「尊大な中国」を国際社会にアピールする機会になる
裁判の期間についてライクラ―氏はWSJに、双方の言い分が対立している場合は3~5年を要するだろうと語った。仮に中国が訴訟に敗れた場合でも、知らん顔を決め込み着々と実効支配を進める可能性は否定できない。だがこれまでの国際裁判では95%以上の割合で、当事国が裁定に従ってきたという。仲裁裁判所の判断を無視すれば、国際社会から不信が高まる。中国といえども、そう簡単に国際ルールを踏みにじれないだろうとの計算だ。
首都マニラ郊外に住む30代のフィリピン人男性はJ-CASTニュースの取材に、「今回の提訴は、中国に対する抗議の象徴的な姿勢」と政府の方針を評価した。軍事力や経済力では中国が圧倒し、このまま南シナ海の島々への影響力を強化されれば訴訟に勝っても実質的には得るものがない。それでも勝訴により、道徳的に有利に立てることには意義を見いだす。
米の敏腕法律家が「チーム・フィリピン」を率いる点について、「フィリピンの人々は支持していると思いますが、それほど大きなニュースになっているわけではありません」。裁判の行方が、中国の海洋政策に大きな影響を与えないだろうと人々は少々悲観的にとらえているようだ。半面「国際社会に向けて、中国がいかに尊大で、弱者をいじめるような存在かをアピールする機会にはなるでしょう」と話した。

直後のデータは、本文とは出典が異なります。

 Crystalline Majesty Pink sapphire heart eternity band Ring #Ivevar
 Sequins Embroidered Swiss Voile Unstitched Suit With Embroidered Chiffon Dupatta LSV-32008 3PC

英フィナンシャルタイムズ電子版は2013年5月29日付の記事で、フィリピンの対中訴訟を「勇敢か、それとも向こう見ずか」と紹介した。記事の終盤では、尖閣諸島(沖縄県)を巡って中国と対立を続ける日本をはじめ、類似の問題を抱えるインドネシアとベトナムを名指しして、「フィリピンのように、仲裁裁判所を通じて自己の立場を主張するだけの勇敢さを持ち合わせていないのは情けない」と皮肉交じりに論じている。